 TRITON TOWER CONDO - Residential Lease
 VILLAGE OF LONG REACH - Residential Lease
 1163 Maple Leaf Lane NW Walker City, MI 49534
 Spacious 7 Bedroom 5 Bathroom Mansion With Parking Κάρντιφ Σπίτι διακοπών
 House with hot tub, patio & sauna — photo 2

--

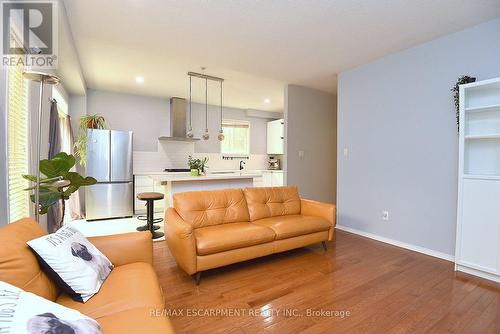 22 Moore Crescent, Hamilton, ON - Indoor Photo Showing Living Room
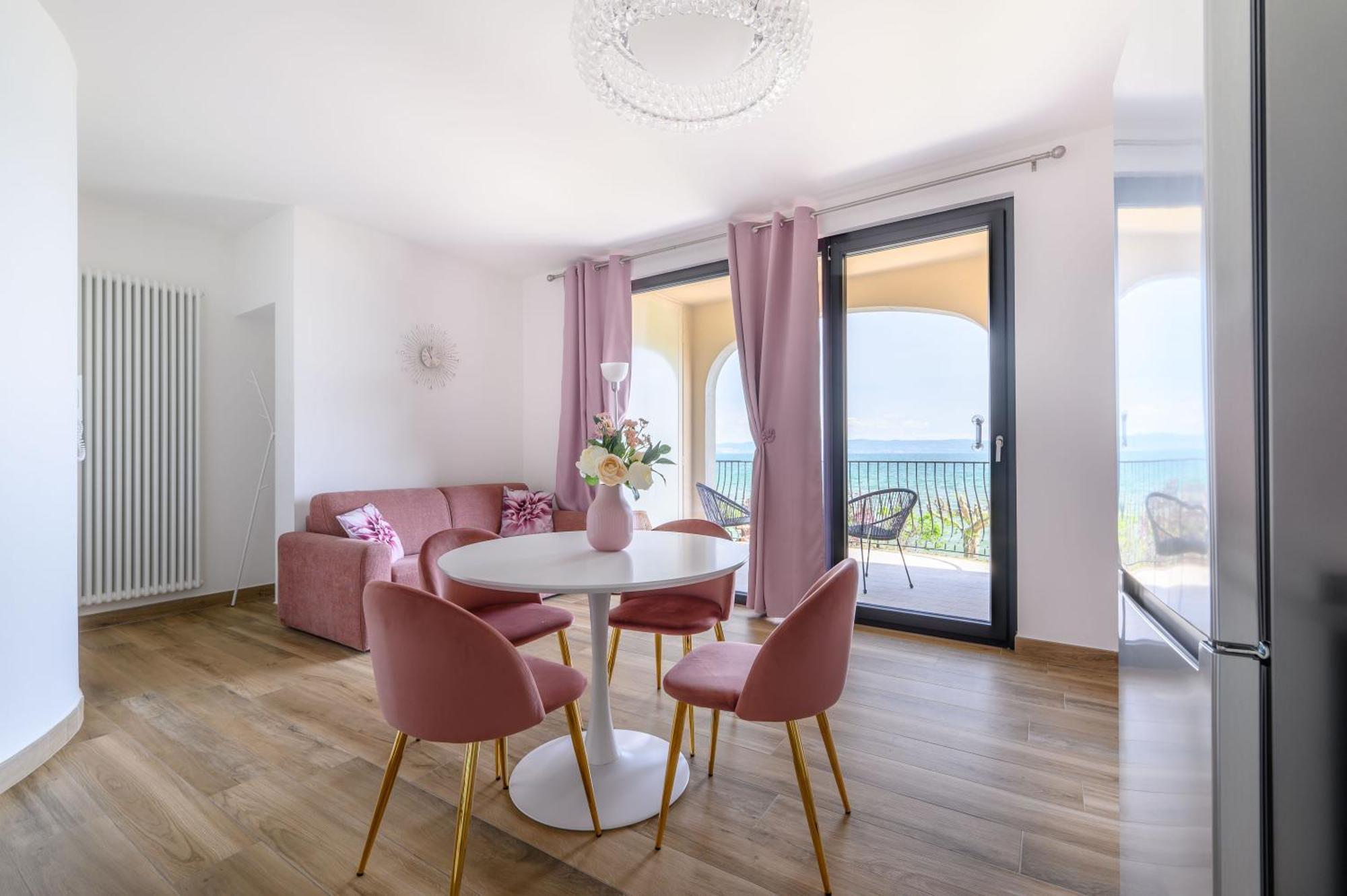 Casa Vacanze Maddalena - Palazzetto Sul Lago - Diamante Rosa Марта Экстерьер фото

> Exercise prompt
Of the records above, print only the lines from the one containing "22 Moore Crescent, Hamilton, ON" through the one containing "Casa Vacanze Maddalena", inclusive and unaltered, leaving out pictures.

> Completed exercise
 22 Moore Crescent, Hamilton, ON - Indoor Photo Showing Living Room
 Casa Vacanze Maddalena - Palazzetto Sul Lago - Diamante Rosa Марта Экстерьер фото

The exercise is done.